WASHINGTON -- The last time a leading Western politician introduced a flat tax, she paid dearly for it.
Margaret Thatcher's 1988 poll, or head, tax on every Briton led to demonstrations around the country and a violent riot in London's Trafalgar Square, and inflamed the "fairness issue" that contributed to her downfall a year later.
The ordinary Briton was outraged at the notion that the pauper in public housing had to pay exactly the same tax as the lord in his manor. By popular demand, the head tax, which replaced a value-based property tax, is to be converted into a more progressive system next year.
Now comes Jerry Brown, advancing in the Democratic primaries on a tide of voter anger, a slew of vague promises and a single firm policy: a flat 13 percent income tax.
Mr. Brown would tax the salary of the auto executive in Detroit at the same rate as the pay of an auto mechanic in Dundalk, the guest in the hotel penthouse at the same rate as the porter who delivers room service.
What is particularly surprising is that a social liberal from California, that most progressive of states, should be advocating this most regressive of taxes. It would reverse the entire thrust of modern U.S. fiscal policy: the use of taxes to equalize income distribution by charging the the rich more and the poor less.
Citizens for Tax Justice, a think tank that devotes its efforts to making the tax system fairer, calls Mr. Brown's tax suggestion "stupid."
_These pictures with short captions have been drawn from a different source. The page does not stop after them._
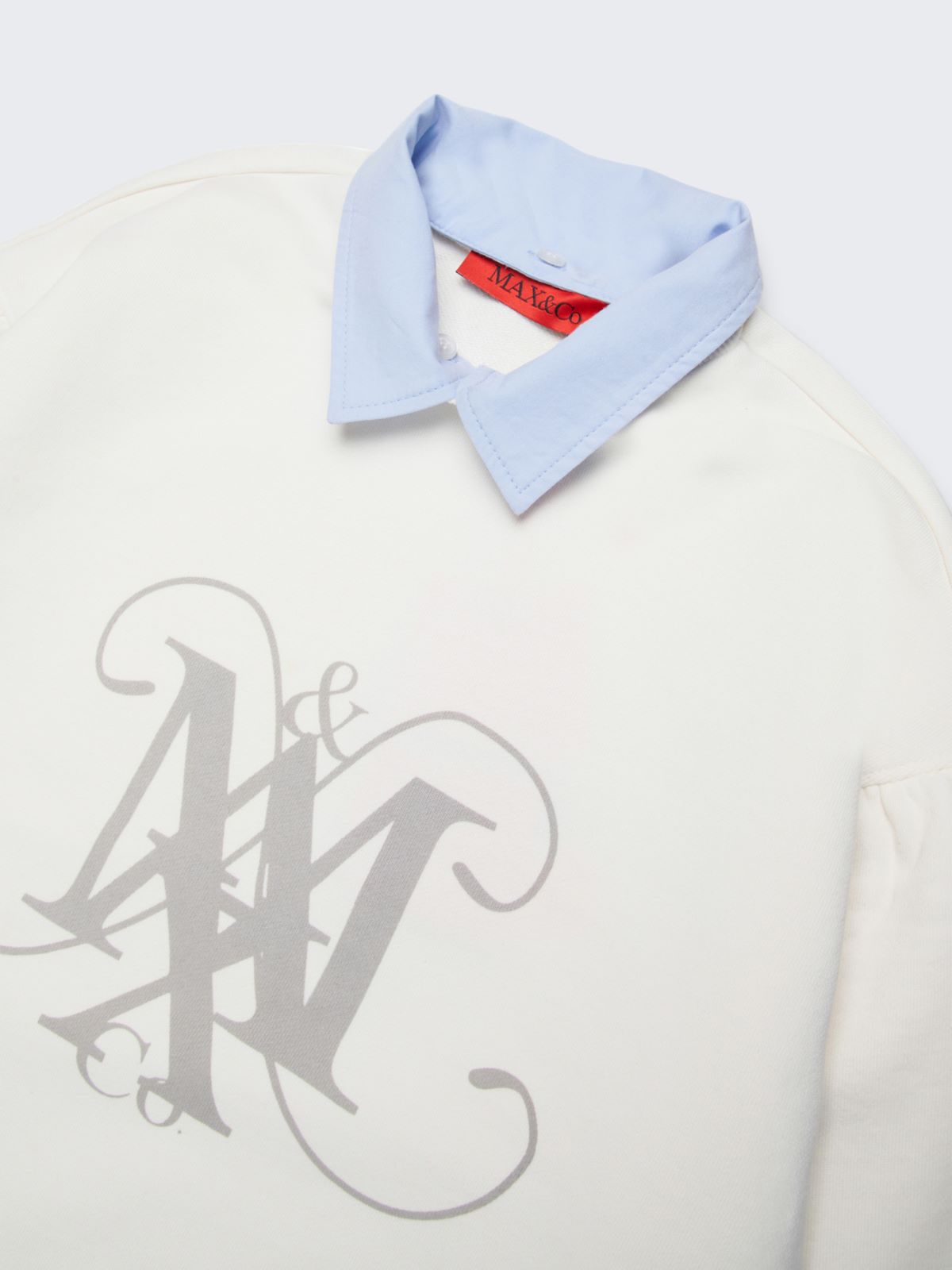Sweatshirt mit Rundhalsausschnitt, Kragen und Emblem KID - WEISS - MAX&Co.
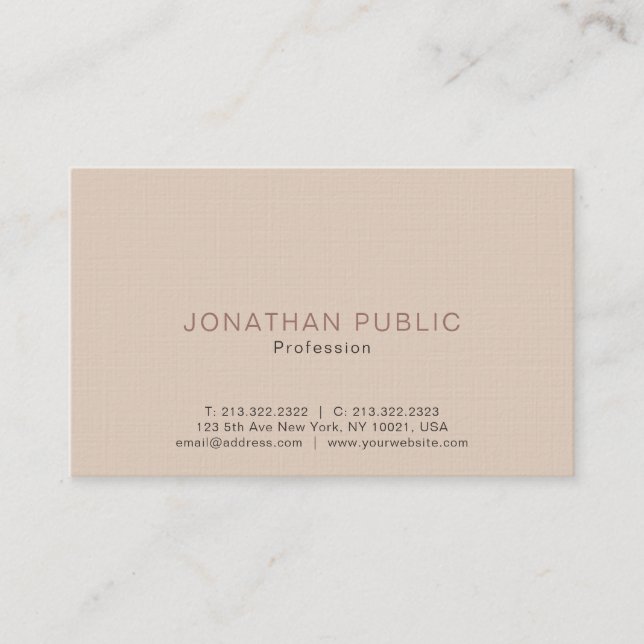Professional Modern Creative Premium Linen Luxury Business Card (Front)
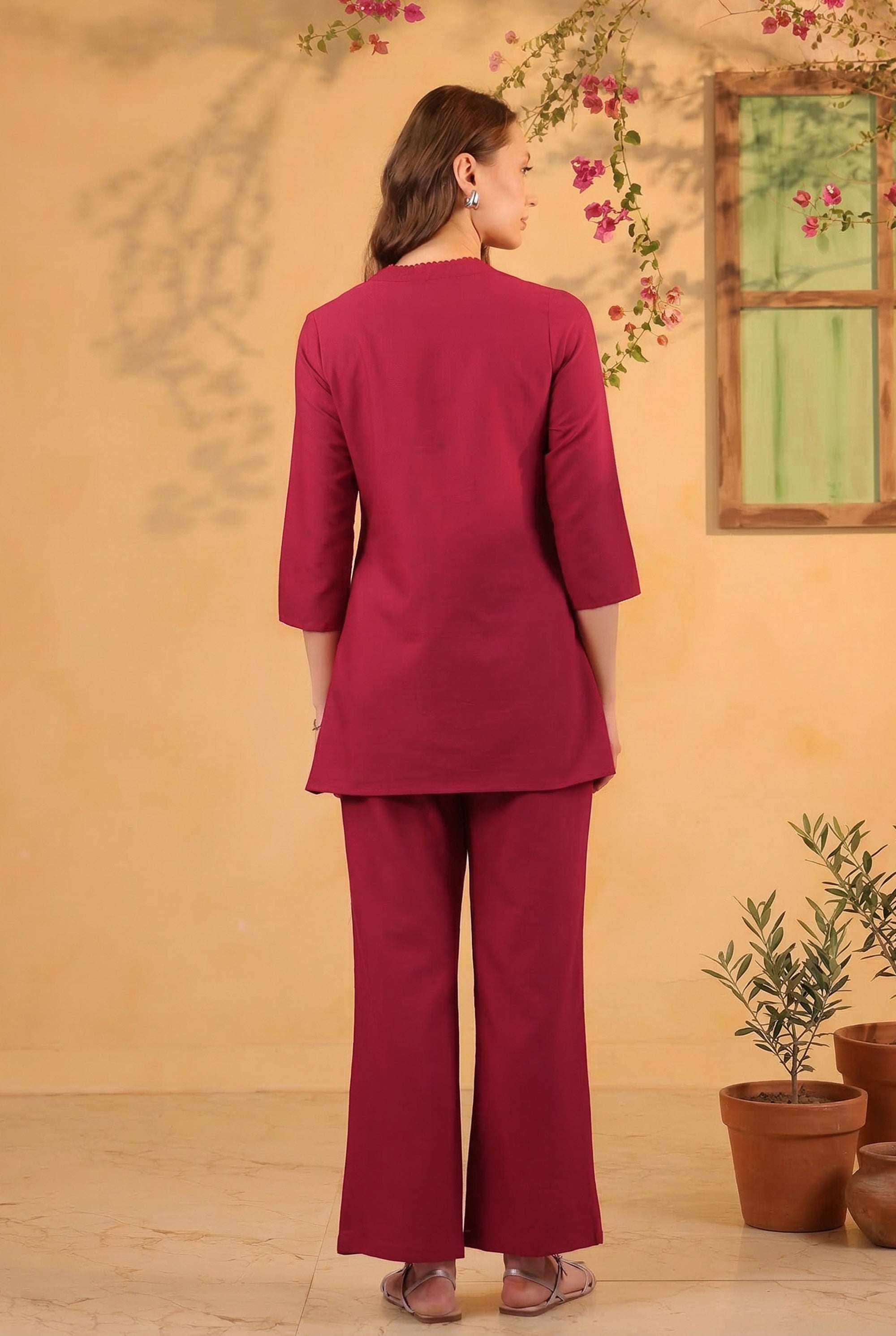 Magenta Wrap Style Placement Embroidered Cotton Flex Two Piece Co-ord Set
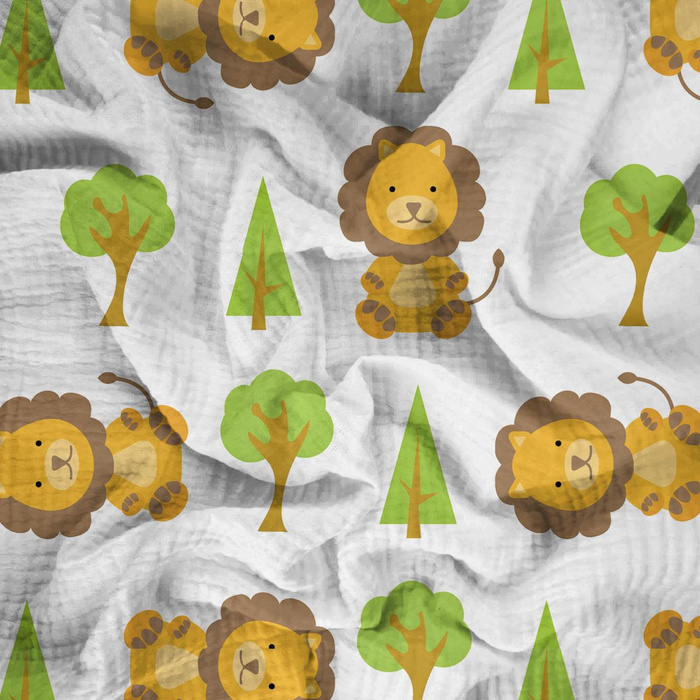 LION IN THE FOREST (ANIMAL GARDEN) - Cotton muslin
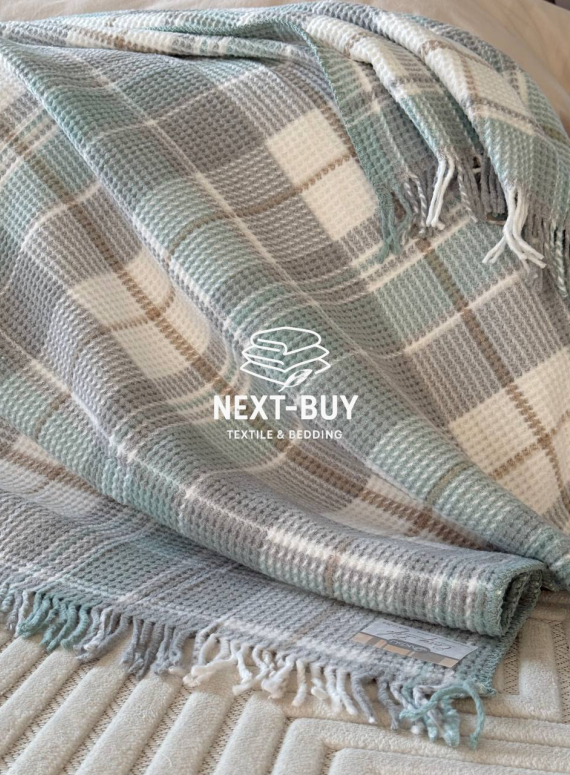 Плед в клетку Aksu Cozy Life Inka Mint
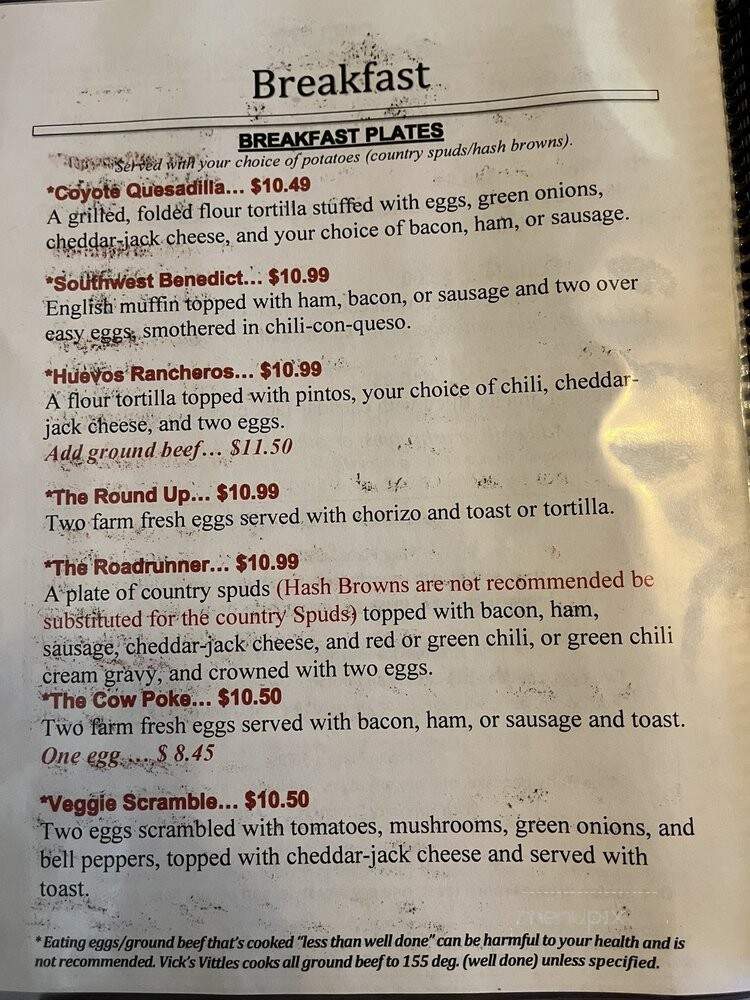 Vick's Vittles - Albuquerque, NM menu_pic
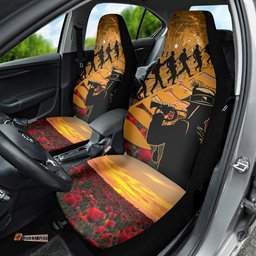 ANZAC Day 2025 Car Seat Cover Silver Fern With A Trumpet Soldier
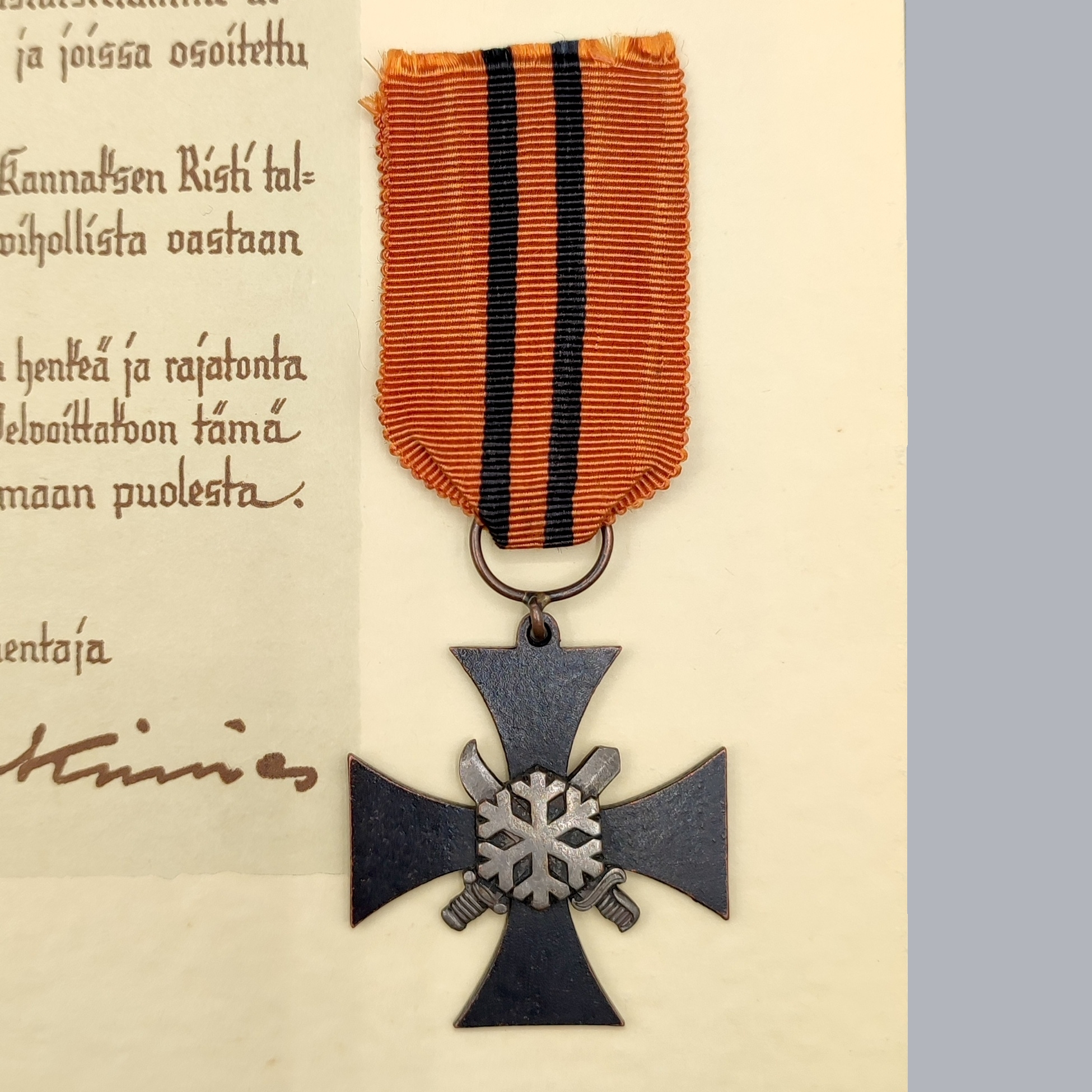 FINNISH WWII CAMPAIGN CROSS OF KESKI-KANNAS 1939-1940 WITH CERTIFICATE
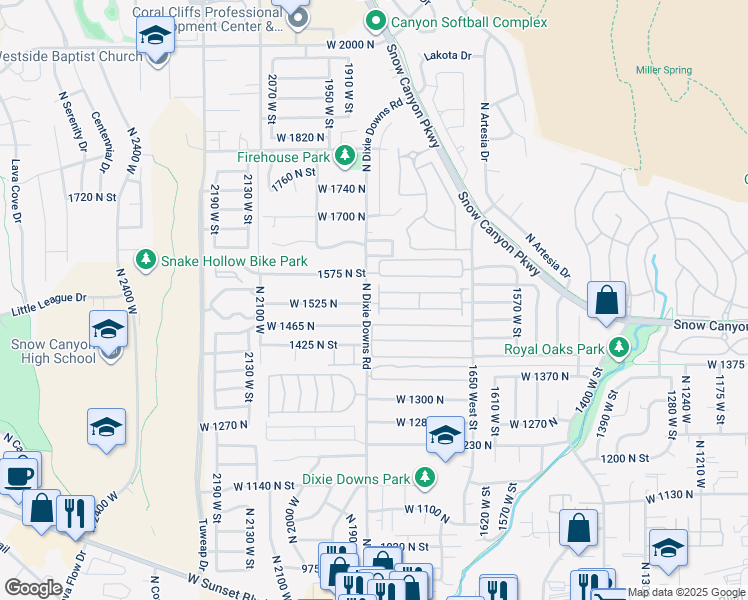 map of restaurants, bars, coffee shops, grocery stores, and more near 1526 North Dixie Downs Road in St. George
Mr. Brown not only advocates replacing current tax brackets with a flat 13 percent tax on individual income, but he would also scrap corporate taxes and substitute a flat 13 percent value added tax.
The result, according the Citizens for Tax Justice, would be higher taxes on most families, lower taxes on the rich and an increase of $200 billion in the federal budget deficit.
"It would be the greatest thing for the rich and powerful since Andrew Mellon was Calvin Coolidge's Treasury secretary in the 1920s," said an analysis by the think tank.
Advocates of a flat tax do not dispute that it would help the rich, but argue that it would give a major boost to the economy.
"A flat tax is a very good idea. It's an abusive idea that our tax codes should be deliberately designed to redistribute income and punish those who make more money," said Daniel Mitchell, economist with the conservative Heritage Foundation. "Outside of Havana, Cuba, you would think that those ideas would not have much credibility any more."